> [AIM OF THE TASK]: For the listing below, return the line containing "Thumbnail: 2020 Mercedes-Benz E-Class - 8", the line containing "La verdad sobre", and all lines in between, exactly as written and nothing else.

> [RECORD SET]:
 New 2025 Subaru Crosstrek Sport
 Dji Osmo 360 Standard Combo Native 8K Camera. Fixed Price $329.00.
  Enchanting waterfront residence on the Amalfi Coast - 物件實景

---

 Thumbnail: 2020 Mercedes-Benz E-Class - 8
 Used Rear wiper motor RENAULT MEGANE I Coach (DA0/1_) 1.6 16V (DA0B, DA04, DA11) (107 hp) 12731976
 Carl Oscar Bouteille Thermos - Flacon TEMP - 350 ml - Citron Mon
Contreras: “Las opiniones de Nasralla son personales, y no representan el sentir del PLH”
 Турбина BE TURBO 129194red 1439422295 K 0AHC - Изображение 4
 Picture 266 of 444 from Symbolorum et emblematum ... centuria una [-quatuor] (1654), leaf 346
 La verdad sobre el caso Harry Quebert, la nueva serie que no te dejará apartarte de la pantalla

> [YOUR SOLUTION]:
 Thumbnail: 2020 Mercedes-Benz E-Class - 8
 Used Rear wiper motor RENAULT MEGANE I Coach (DA0/1_) 1.6 16V (DA0B, DA04, DA11) (107 hp) 12731976
 Carl Oscar Bouteille Thermos - Flacon TEMP - 350 ml - Citron Mon
Contreras: “Las opiniones de Nasralla son personales, y no representan el sentir del PLH”
 Турбина BE TURBO 129194red 1439422295 K 0AHC - Изображение 4
 Picture 266 of 444 from Symbolorum et emblematum ... centuria una [-quatuor] (1654), leaf 346
 La verdad sobre el caso Harry Quebert, la nueva serie que no te dejará apartarte de la pantalla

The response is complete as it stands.